Re: Extensions to HFS filesystem

Paul H. Hargrove (hargrove@sccm.stanford.edu)
Mon, 29 Apr 1996 18:06:52 -0700 (PDT)


Raul Miller <rdm@tad.micro.umn.edu> wrote:
> Hi, I've tried to reverse-engineer UMSDOS on several occasions (and
> have always given up for lack of time). Here's a few leading
> questions from my point of view:
>
> How does HFS currently deal with multiple files with the same CNID?
The CNID is unique. HFS stores the location of the first
three contiguous pieces of the file in the directory entry and the
remainder of the allocation information in a B-tree sorted on a key
that had the CNID as the most significant part. Multiple directory
entries witht he same CNID would thus share part of the file contents
automatically but great expense would be required to keep the
allocation info in the directory entries consistent (not to mention
the fact that a genuine Mac wouldn't keep the info up-to-date and
something like Disk First Aid would complain.) The short answer is
that multiple entries w/ the same CNID are illegal.

> How does HFS deal with a file which is in use by a program, but has
> been removed from the file system?
I handle this pretty much the same way as a native Linux
filesystem. When the file is unlink()ed the directory entry is
removed from disk and the i_nlink field of the in-core inode is set to
zero (it must have been 1 before, and yes I do check that it is).
When the file is no longer in use the put_inode() callback for HFS
truncates the file to zero length, releasing the disk blocks that were
in use and removing the allocation information from the B-tree. There
is no messy hidden file or anything like that.

> If both of these are illegal under HFS, consider a special folder for
> files that don't have the proper number of references. For the case
> of multiple (hard) links, represent them using some reference into
> that directory.
I don't see that this is any better than the UMSDOS trick of
having hardlinks be symlinks to a hidden file.
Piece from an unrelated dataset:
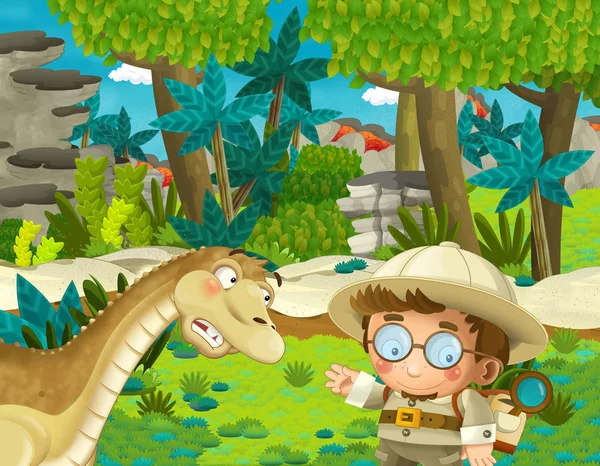 cartoon scene with professor in the jungle meeting dinosaur on the way - illustration for children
The potential problems
with a directory moving are reduced by keeping the files all in one
location, but I still don't like the idea of the hidden file.

> If searching on a folder is linear time (is it?), consider
> implementing something like a b-tree (or even just a hash table) using
> nested folders, as this special folder might become quite large under
> some circumstances.
Since HFS directory entries are stored in a B-tree the time to
find a file given the CNID of the directory containing it and its name
is O(log(N)) where N is the total number of files and directories on
the disk. Finding the Mth entry in a directory, however, is O(M).

> --
> Raul
----
Paul H. Hargrove All material not otherwise attributed
hargrove@sccm.stanford.edu is the opinion of the author or a typo.